Robert W. Odom
March 9, 2023
In my last post, I discussed the ability of the brain to rewire itself. This is known as neuroplasticity. Today let’s dig deeper into this subject. As we grow and experience emotional events, we are generally shaped by those events. These unchecked events determine too often how we will respond to future events. These emotional events rewire our brains to react differently. This is usually a defensive mechanism meant to protect us but harms us in the long run.
Interestingly, studies show that babies who are cuddled and held as infants are more emotionally stable. However, the opposite occurs as well. Babies not cuddled or held lag in emotional, mental, and social development. In essence, the brain is wired differently. Many infants never overcome the loss of love at this early age. Their brains are rewired to understand love differently. Throughout life, they struggle to love and get love.

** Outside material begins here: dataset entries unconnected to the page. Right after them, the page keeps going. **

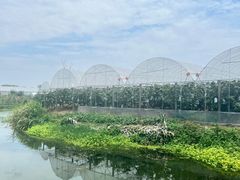 -马陆小张葡萄园农家乐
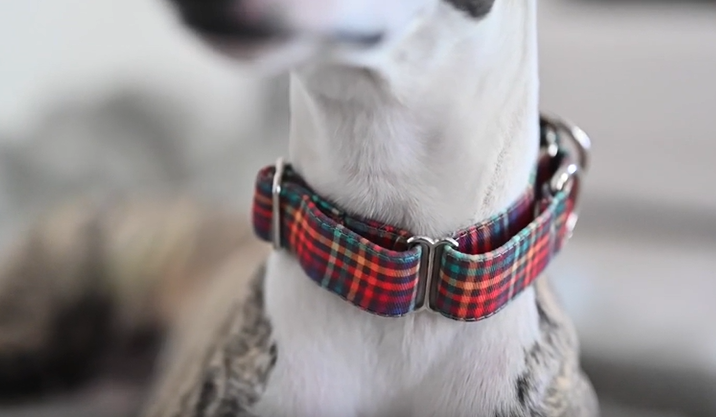 Martingale Collars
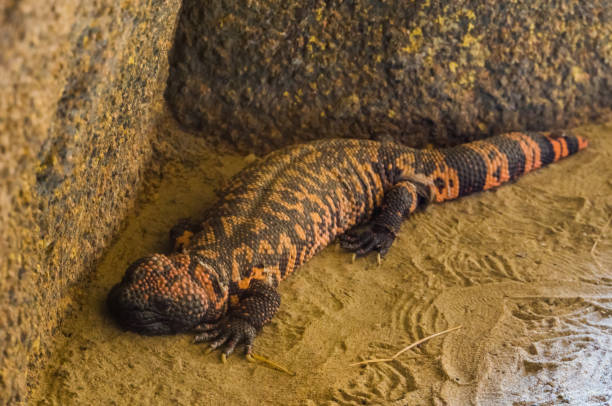 closeup of a gila monster, venomous lizard from the desert of America, Tropical reptile specie closeup of a gila monster, venomous lizard from the desert of America, Tropical reptile specie gila monster photos stock pictures, royalty-free photos & images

While much can happen in infancy, this can occur in other ways as the child grows. For example, if one grows up in an environment where there is a lack of love being shown, the brain can rewire itself. Let me share a personal illustration. I lived with my mom and stepdad from age six to twelve. My stepdad was an alcoholic and had a temper. He would come home and treat my family horribly. He thought nothing of abusing us emotionally, physically, and mentally.
The result was that I began to feel unwanted. I began to blame myself for what was happening. I began to try and live in a way that would not upset my stepdad. I would hide in my room when he came home. I thought he would leave me alone if I could hide, but that did not happen. I tried to avoid conflict at all costs. I often had a false peacemaker attitude: I would do whatever to bring peace, even if there were no real peace. My brain had been rewired to hide my emotions, be a false peacemaker, and avoid conflict at all costs.
Later in life, as I matured spiritually, I became more aware of these issues, and I started to seek ways to overcome them and rewire my brain to think differently. By avoiding my emotions, I became angry. At the same time, I would internalize my anger and shut down verbally. As I matured, I had to consider why I would handle anger as I did. What made me angry, and why did I respond the way I did?
Because of my faulty wiring, I had to look at ways to rewire my brain. I needed to understand the why and figure out ways to do life differently. So, I began a journey! My journey started with exploring forgiveness. I needed to forgive others, and most of all, I needed to forgive myself. I needed to forgive others as their actions, and words hurt me. I needed to realize that what happened was not my fault. I needed to recognize that while it was painful, I needed to let go of my pain. The place to do that was at the doorway of forgiveness. It was not easy, but necessary.
To forgive does not mean that the other person is not responsible for their actions, but I needed to free myself from their hold on my life. I had not seen my stepdad for over twenty-five years, yet he still controlled me. Forgiveness allowed me to process my false guilt and shame. I blamed myself when I was not the problem. However, it did become a problem when I would get angry. It was a problem when I would shut down and stop communicating. It was a problem when I buried my emotions.
Through the journey of forgiveness, I was able to release my stepdad. I was able to let go of the pain from the past. I was able to forgive myself. I could forgive my mom for allowing this to happen (although it was not her fault). Finally, I could forgive myself for the way I had processed emotional events in the past.
Forgiveness is the beginning of healing. Forgiveness clears the way to start a process of rewiring the brain. It releases us from others controlling us. It allows us to rethink how we respond to others. It is the beginning of no longer hiding our emotions. It is the starting point of releasing ourselves from blame and shame.
Next time we will continue this discussion. In the meantime, let me ask you a couple of questions:
- How has your brain been rewired from past events?
- What has been the result of rewiring your brain? Do you hide your emotions? What emotions are out of control in your life?
- Who, what event, or what controls who you are and how you respond to life?
- Where do you need to forgive others? Yourself?
- What would look differently if you could rewire your brain positively and walk in forgiveness?
- Pray and ask God to reveal these areas of life. Then, ask God to begin a process of forgiveness.